Over time, there were changes in the dataset’s methodology and update frequency. Initially, updates were made twice daily; however, this was later adjusted to weekly updates. Additionally, the dataset transitioned from daily state-level data to weekly aggregate data, consolidating historical counts of confirmed and probable cases into “Total Cases” and “Total Deaths” columns for simplicity and consistency.
- Insights into Data
The dataset includes weekly counts of new and cumulative COVID-19 cases and deaths, reported by jurisdiction, encompassing 50 states, U.S. territories, and compact nations, covering a total of 60 public health jurisdictions. This structure allows for the analysis of temporal trends, enabling researchers to track the spread and severity of the pandemic over time. In our project we would focus on California and Florida. The dataset provides valuable insights into the progression of COVID-19 at the state level, helping to identify patterns in disease spread, assess state-level public health responses, and explore correlations between case and death counts and policy measures. It is particularly useful for comparing the pandemic’s impact across states and evaluating changes in case counts before and after policy interventions or during specific periods, such as holidays. Temporal trends in the dataset reveal spikes in case and death rates during holiday periods or following reporting backlogs. Additionally, variability in reporting cadence and historical corrections highlight discrepancies in case and death counts between jurisdictions and timeframes, emphasizing the need for careful interpretation of the data.
- Dataset Limitations
The dataset has several limitations that affect its reliability. Gaps in reporting occasionally occurred when jurisdictions failed to submit data, resulting in discrepancies in weekly counts. Data inconsistencies also arose from changes in reporting patterns, particularly during holidays or due to technical issues. Additionally, the dataset excludes important demographic details such as age, gender, race, or underlying health conditions, as well as specific indicators like hospitalizations, recoveries, or outcomes beyond death counts.
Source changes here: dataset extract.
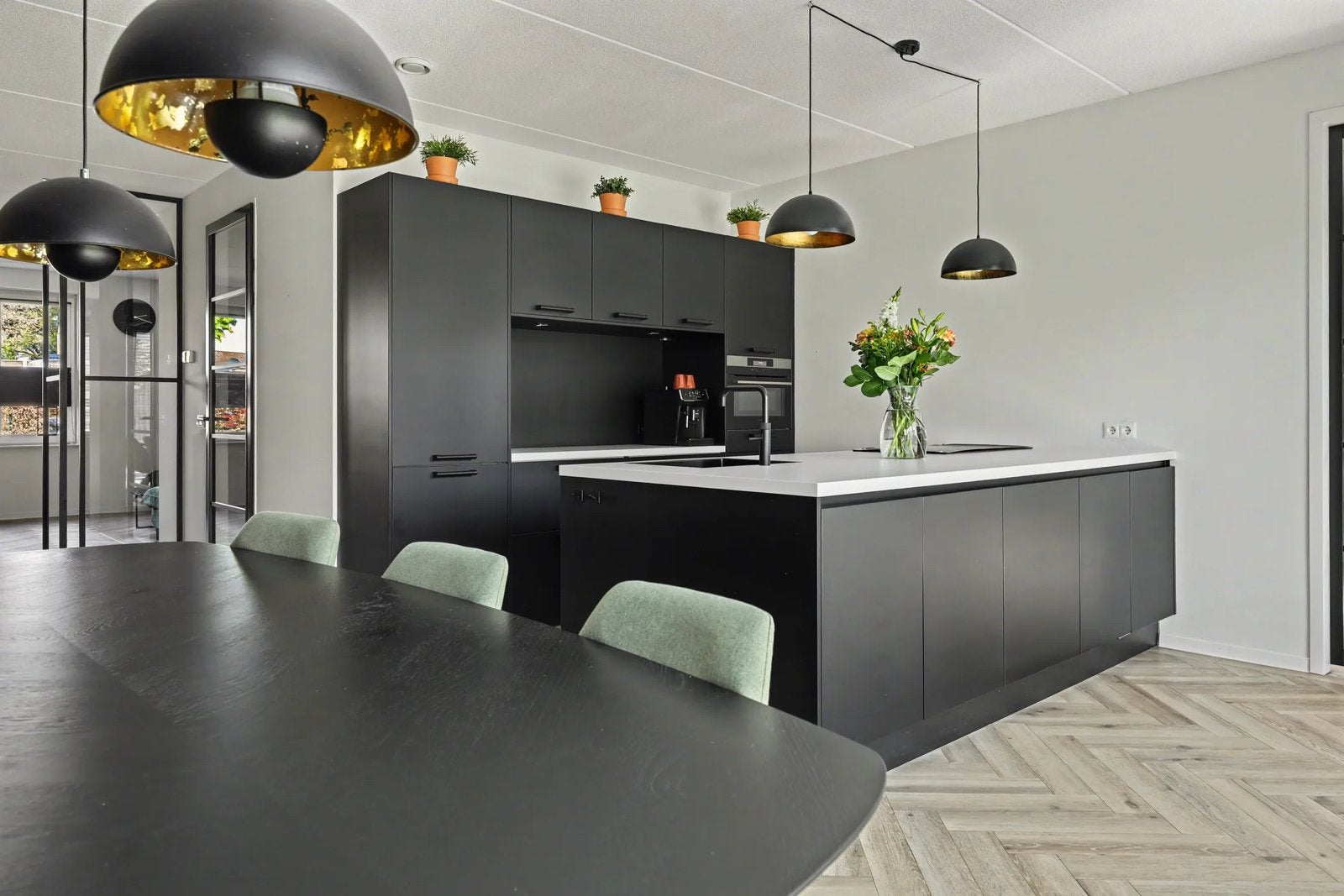 ‼️Keuken (5 jaar oud) te koop‼️, Huis en Inrichting, Keuken | Complete keukens, Ophalen, Zwart, Dubbelwandige keuken, Zo goed als nieuw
It also lacks data on individual cases, including vaccination status and if they had other illnesses at the same time. This would limiting its ability to provide a complete picture of the pandemic’s impact. Accuracy issues further complicate the dataset, with discrepancies between state and county reporting systems causing inconsistencies in case and death counts. Backlogs of historical cases or deaths inflated numbers for specific weeks, making trend analysis more challenging. Furthermore, methodological and time related differences, such as the transition from daily to weekly updates and the inconsistent distinction between confirmed and probable cases in the later dataset, reduce the precision and consistency of the data.
- Methodology for Dataset Integration
We will merge the two datasets by consolidating both datasets to be per month and per state. We will use the new cases and the cumulative cases columns from the COVID dataset to enhance the transportation dataset and draw conclusions from the merged dataset.